大阪公立大学と海遊館は,海遊館で飼育されているイヌザメを対象に,各種臓器の位置や大きさがどのくらい正確に識別できるかの比較を行なった(ニュースリリース)。
CT検査は,ヒトの病気の精密検査などを行なう際に使用されており,ごく一部の海洋生物では骨や軟部組織の画像診断に活用されている。
しかし,サメ類は体腔内に脂肪組織が少ないため,造影剤を使用しないCT検査(非造影CT検査)では様々な臓器を十分に確認することはできなかった。

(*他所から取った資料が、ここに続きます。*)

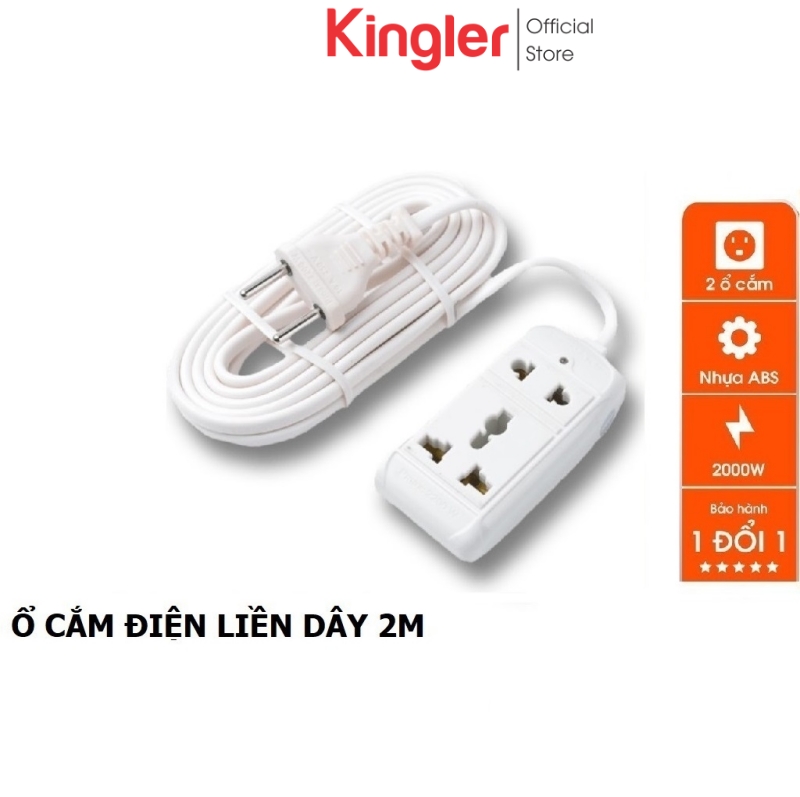 Ổ cắm điện liền dây nối dài 2m, ổ cắm điện đa năng, cắm 2 lỗ 2 chạc và 3 chạc, an toàn, tiện dụng trong gia đình. kingler 8608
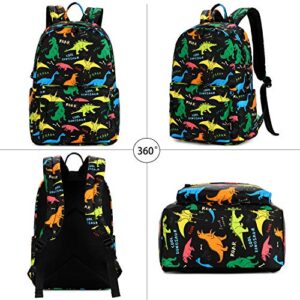 abshoo Cute Lightweight Kids School Bookbags Dinosaur Boys Backpacks With Lunch Bag (Colorful Dinosaur Set)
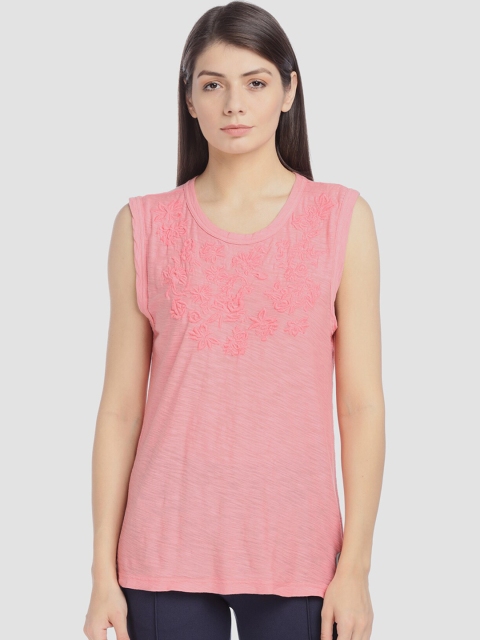 

GAP Women Pink Self Design Round Neck T-shirt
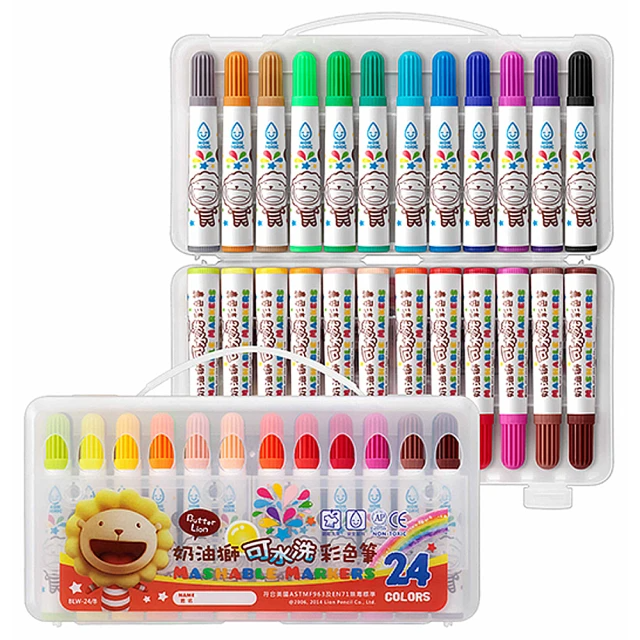雄獅x奶油獅 BLW-24/B 奶油獅24色可水洗彩色筆
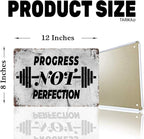Tarika Progress Not Perfection 20X30 cm Iron Retro Look Decoration Poster Sign for Home Gym Inspirational Quotes Wall Decor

研究グループは,海遊館で飼育されているイヌザメ(brownbanded bamboo shark)を対象に,造影剤を用いたCT検査(造影CT検査)と非造影CT検査を行ない,得られた画像データと標本から,各種臓器の位置や大きさがどのくらい正確に識別できるかの比較を行なった。
その結果,非造影CT検査では識別できなかった体腔内の臓器は,造影CT検査を行なうことでより正確に識別できることが分かった。
研究グループは,CT検査を用いて健康な状態の画像データを蓄積することで,病気の事例が少ない海洋生物の病気の診断や健康維持にも役立つと期待されるとしている。